Oral semaglutide is the first orally administered glucagon-like peptide-1 receptor agonist (GLP-1RA) approved by the FDA. Clinical trials found that oral semaglutide 14 mg had a greater reduction in hemoglobin A1c (A1c) compared with empagliflozin 25 mg and sitagliptin 100 mg and was noninferior to liraglutide 1.8 mg. However, US cost-effectiveness data for oral semaglutide are limited and do not consider the costs of adverse events. To assess the short-term cost-effectiveness of oral semaglutide compared with empagliflozin, sitagliptin, and liraglutide in patients with type 2 diabetes. A decision analysis over a 52-week time horizon was used to evaluate the incremental cost-effectiveness of oral semaglutide vs empagliflozin, sitagliptin, and liraglutide from a US health care payer's perspective. Data on efficacy, adverse events, and discontinuation were derived from 52-week data from phase 3, head-to-head clinical trials (PIONEER 2, 3, and 4). Costs included drug and administration cost and treatment of gastrointestinal adverse events. Incremental cost-effectiveness ratios (ICERs) were calculated as the difference in cost over the difference in A1c reduction between oral semaglutide and comparators. In the base-case analysis, 52-week treatment costs with oral semaglutide were $2,660 and $3,104 higher and $2,337 less than empagliflozin, sitagliptin, and liraglutide, respectively. Incremental (greater) A1c reductions were seen with oral semaglutide at 0.40%, 0.50%, and 0.30% vs empagliflozin, sitagliptin, and liraglutide, respectively. ICERs per 1% reduction in A1c for oral semaglutide were $6,650 and $6,207 vs empagliflozin and sitagliptin, respectively. Oral semaglutide was dominant vs liraglutide (ICER of -$7,790). Oral semaglutide was dominant relative to liraglutide, offering a cost-saving GLP-1RA oral alternative.

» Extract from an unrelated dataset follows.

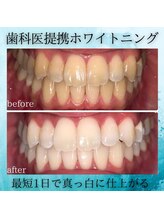 ホワイトニングビューティー つくば店/圧倒的効果を実感！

While there is not a recognized willingness-to-pay threshold for a 1% reduction in A1c, oral semaglutide may be cost-effective relative to empagliflozin and sitagliptin if a decision maker's willingness-to-pay threshold exceeds $6,650 and $6,207, respectively. No outside funding supported this study. The authors have no conflicts of interest to declare.

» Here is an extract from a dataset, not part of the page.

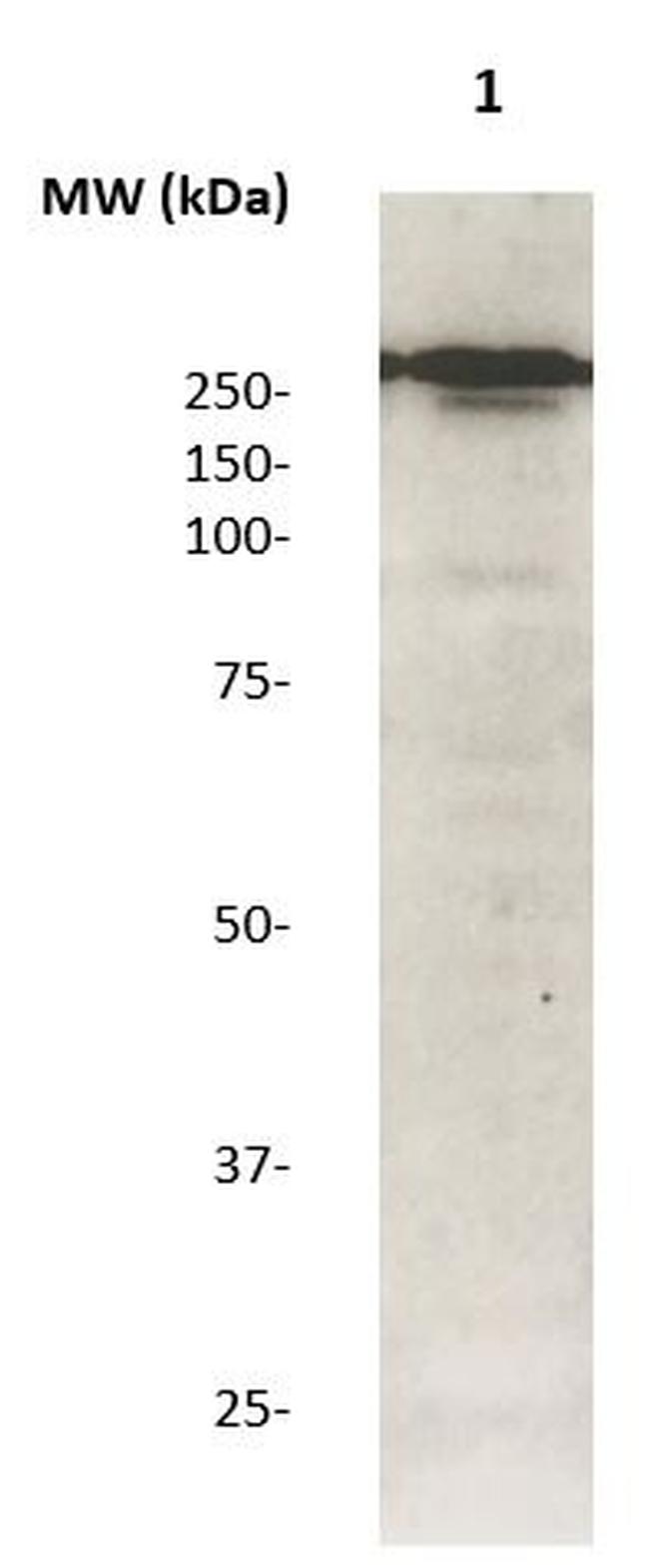 Phospho-LRRK2 (Thr1491) Antibody in Western Blot (WB)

口服司美格鲁肽是首个经美国食品药品监督管理局(FDA)批准的可口服的胰高血糖素样肽-1 受体激动剂(GLP-1RA)。临床试验发现,与恩格列净 25mg 和西格列汀 100mg 相比,口服司美格鲁肽 14mg 可使糖化血红蛋白(HbA1c)水平更大幅度下降,且与利拉鲁肽 1.8mg 非劣效。然而,美国关于口服司美格鲁肽的成本效益数据有限,并未考虑不良事件的成本。 本研究旨在评估口服司美格鲁肽与恩格列净、西格列汀和利拉鲁肽相比,在 2 型糖尿病患者中的短期成本效益。 采用 52 周时间范围的决策分析,从美国医疗保健支付者的角度评估口服司美格鲁肽相对于恩格列净、西格列汀和利拉鲁肽的增量成本效益。口服司美格鲁肽的疗效、不良事件和停药数据源自 3 项 52 周的头对头临床试验(PIONEER 2、3 和 4)。成本包括药物和管理费用以及胃肠道不良事件的治疗费用。增量成本效益比(ICER)计算为口服司美格鲁肽与对照组之间 HbA1c 降低差异的成本差异。 在基础分析中,口服司美格鲁肽的 52 周治疗成本分别比恩格列净、西格列汀和利拉鲁肽高 2660 美元、3104 美元和 2337 美元。与恩格列净、西格列汀和利拉鲁肽相比,口服司美格鲁肽的 HbA1c 分别有 0.40%、0.50%和 0.30%的增量(更大)降低。口服司美格鲁肽每降低 1%HbA1c 的 ICER 分别为 6650 美元和 6207 美元,与恩格列净和西格列汀相比。口服司美格鲁肽相对于利拉鲁肽具有优势(ICER 为-7790 美元)。 与利拉鲁肽相比,口服司美格鲁肽具有优势,为 GLP-1RA 提供了一种具有成本效益的口服替代药物。虽然没有公认的 A1c 降低 1%的支付意愿阈值,但如果决策者的支付意愿阈值分别超过 6650 美元和 6207 美元,口服司美格鲁肽可能比恩格列净和西格列汀具有成本效益。 本研究无外部资金支持。作者无利益冲突声明。